Guide 5010 GD.01
Selecting Good Passwords
Revision Date: 6/31/2013
The object when choosing a password is to make it as difficult as possible for someone (or some computer program) to guess what you’ve chosen, yet easy enough for you to remember without writing it down.
Company User ID
Approved Users have been assigned a unique network identification (User ID) as, essentially, an electronic short hand for your name. Your User ID and password act as your passport to the company’s network and accounts. Like your name, your User ID is not secret, but your User ID password is SECRET, It is very important that your User ID password be protected. Your User ID and Password provide access to sensitive information (personal and company) and are used as authentication credentials for network access. The first User ID task you perform is also one of the most important — choosing a good password.
Requirements for your User ID password:
• Password must have 8-14 characters
• Must contain 2 letters
• Must contain 2 non letters (either numbers or legal characters)
• Illegal characters (must not contain these) \ & : < > , ‘ (back slash, ampersand, colon, less than, greater than, comma and apostrophe)
Best Practice for all passwords
• Use a password that is easy to remember, so you do not have to write it down.
• Use a password with mixed-case alphabetic characters.
• Use a password that has at least eight characters.
• Use at least one punctuation symbol.
• Use a password that you can type quickly, without having to look at the keyboard. This makes it harder for someone to steal your password by watching over your shoulder.
• Use your User ID and associated password only with company User ID authenticated systems.
• Choose different IDs and, especially, different passwords with any other systems (i.e. personal use).
What NOT to Use
- Do not use your login name in any form (as-is, reversed, capitalized, doubled, etc.).
- Do not use proper names (especially not your own nor that of your significant other, mother or child). This includes all first and last names as well as geographical locations.
- Do not use your initials or those of anyone close to you.
- Do not use other information easily obtained about you. This includes your phone, social security, your birth date, the brand of your automobile, the name of the street you live on, etc.
- Do not use a word contained in (English or foreign language) dictionaries, spelling lists, or other lists of words.
- Do not attempt to be clever and make your password a derivation (reversed, as-is, shifted by a few characters, a simple substitution code, doubled, etc.) of your account name or your first or last name.
- Do not use a password that is so difficult for you to remember that you will forget it if you do not write it down.

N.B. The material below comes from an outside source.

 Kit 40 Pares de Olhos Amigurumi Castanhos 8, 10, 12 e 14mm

- Do not reuse any passwords that you have used previously.
- Use different passwords on different systems
Guidance on keeping your User ID and other passwords safe
- Do not give out your password to anyone including IT staff or your supervisor. Do not share your account with anyone or let anyone else use your account.
- Do not write down your password on paper nor store it on a computing device. (It can be a help to write down your password for a few days when you have just changed it – keep any such copy in your wallet or purse and discard it as soon as you have memorized your new password).

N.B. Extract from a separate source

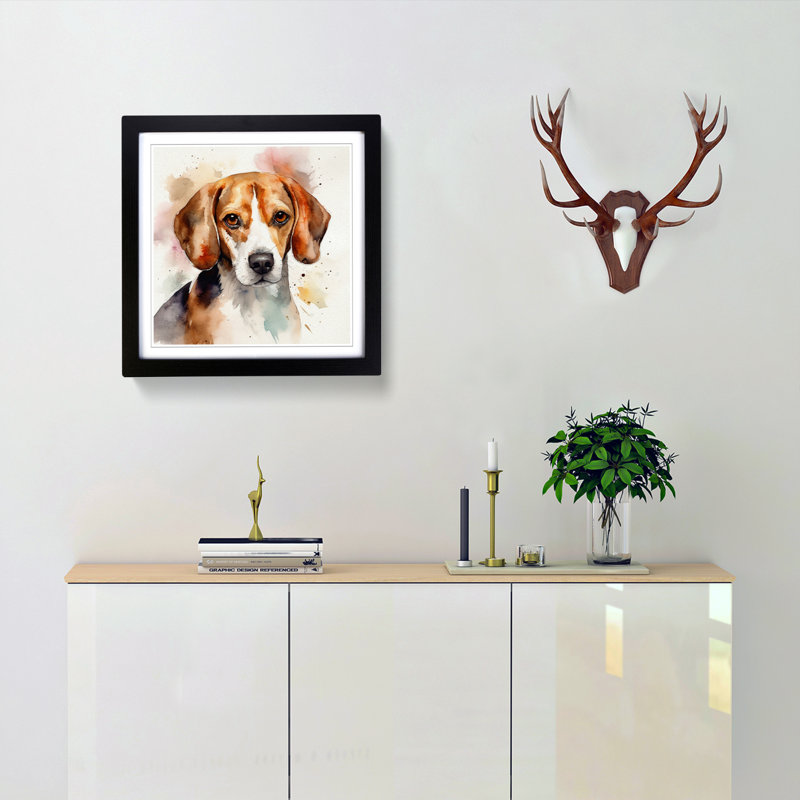 Single Picture Frame Print on Wood, Black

- Do not use your User ID password as a password for another computer system, such as your ATM card PIN number or as your password to a website on the Internet.
- Do not let anyone see you type in your password. Stop typing if you notice someone watching you. Make sure your password is not being displayed on your screen as you type.
- Be wary of any program or web page that asks you for your User ID password. Secure web pages that ask you for your User ID password will have URLs that begin with “https://”. Your browser (e.g., IE, Firefox, Mozilla) should visually indicate (icon of a closed padlock) that you are on a secure page. If you are being prompted for your User ID password from a particular web page that you do not recognize or if the page appears different from the screen you are familiar with, contact ITS to verify the authenticity of the page.
- Do not enter your passwords when using insecure protocols (e.g. programs that transmit user account and password information unencrypted) over unsafe networks.
- If your User ID password has been compromised, contact the HelpDesk. The first security measure the Help Desk will usually recommend will be to change your password, but ITS Department will also want to determine how the account and password was compromised, the impact of the exposure and whether to investigate further.